General Motors intends to pit its dealers against fast-lube chains by promoting stand-alone quick lubes. The program is scheduled to begin Jan. 1.

Goodwrench Quick Lube Plus sites, which will be owned and operated by dealers as a separate business, will have two to four service bays and will be built on the dealership lot.

The business is designed to recover the money that dealers have lost to quick lubes.

"Fewer than two out of 10 customers go back to the dealer to have their oil changed, and convenience is an overriding factor in where they choose" to take their cars, said Rod Johnson, manager of new business initiatives for GM Service and Parts Operations.

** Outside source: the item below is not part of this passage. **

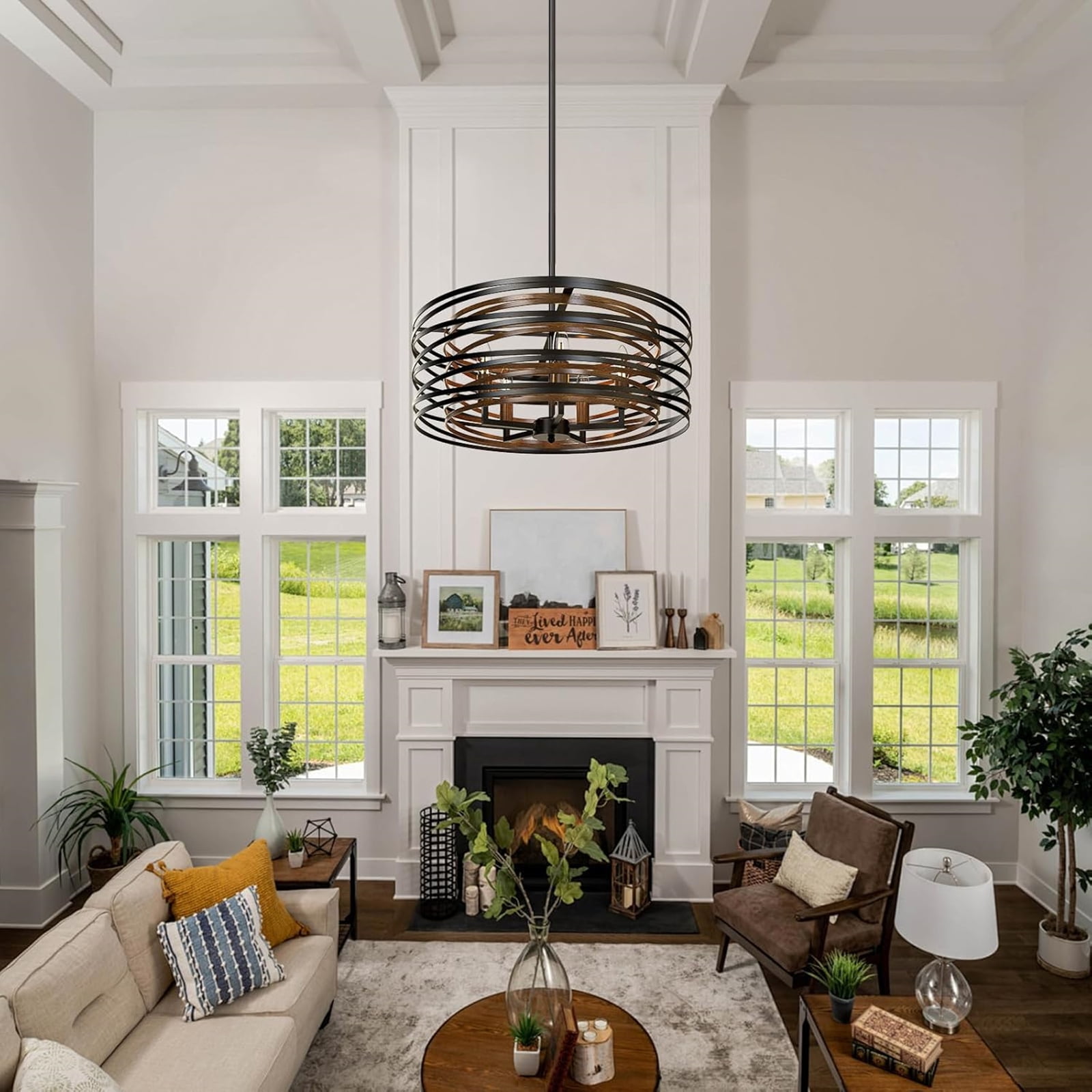 5-Light Dinging Room Lighting Black Rustic Farmhouse Chandelier, 20”Modern Chandeliers Hanging Light for Dining Room Kitchen Island Bedroom Foyer Entryway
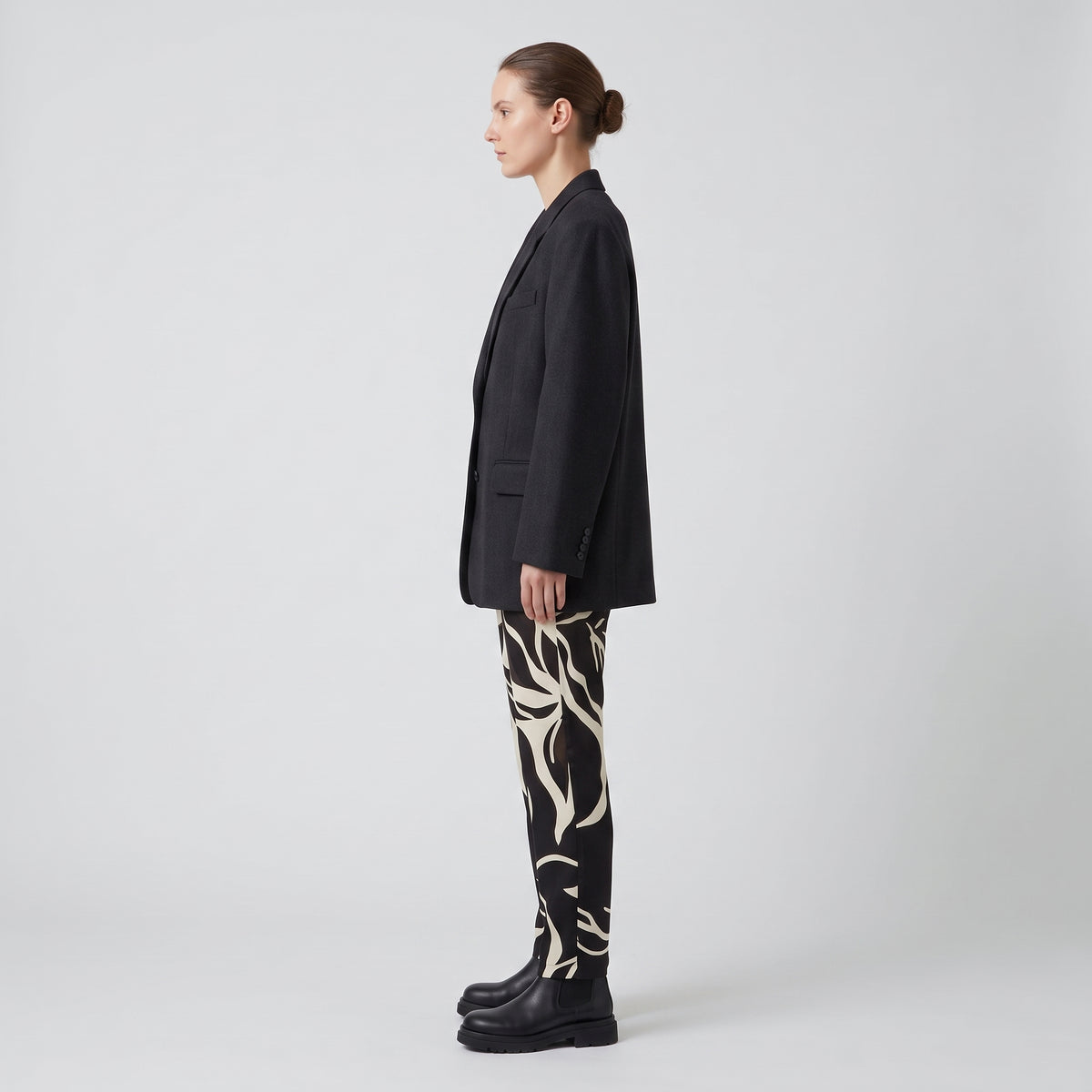 Monochrome Leaf Print Trousers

"If dealers place lubes in a high-visibility area near the street and run them as a separate business, they can compete with the local Jiffy Lube."

Until now, GM's dealership fast lube program has been in the dealership service department with a guarantee to change the oil in 29 minutes.

Prefabricated buildings

Under the new stand-alone lube program - which will be available to the approximately 4,000 dealers participating in the existing GM fast lube program - dealers buy a prefabricated building through GM, hire personnel and buy equipment.

Oil changes must be performed in 12 minutes or less and often without customers leaving their cars.

The dealer fees and factory assistance have not been decided, though there likely is to be an enrollment fee and co-op advertising allowances.

Randy Romanoski, owner of Sheboygan Chevrolet Oldsmobile Cadillac Inc., in Sheboygan, Wis., who set up a Goodwrench Plus Lube on his lot Oct. 1, is one of the first dealers to adopt the program.

In the first month, his oil-change business jumped 50 percent to about 1,500 a month from 1,000 a month, and 30 percent of the new customers drove nonGM vehicles.

"I was really surprised to see a positive cash flow in the first month of operation," Romanoski said. "I didn't expect to see that that quick."

Opportunity to show off

Johnson said the on-site lubes will help dealers spot customers' other repair needs and show off the dealers' new-vehicle inventory to prospects who come in for an oil change.

GM already has helped set up two stand-alone fast lubes at dealerships in Pontiac, Ill., and Sheboygan, Wis.

Two others are being built in Louisiana, and two more are planned for Michigan and Georgia.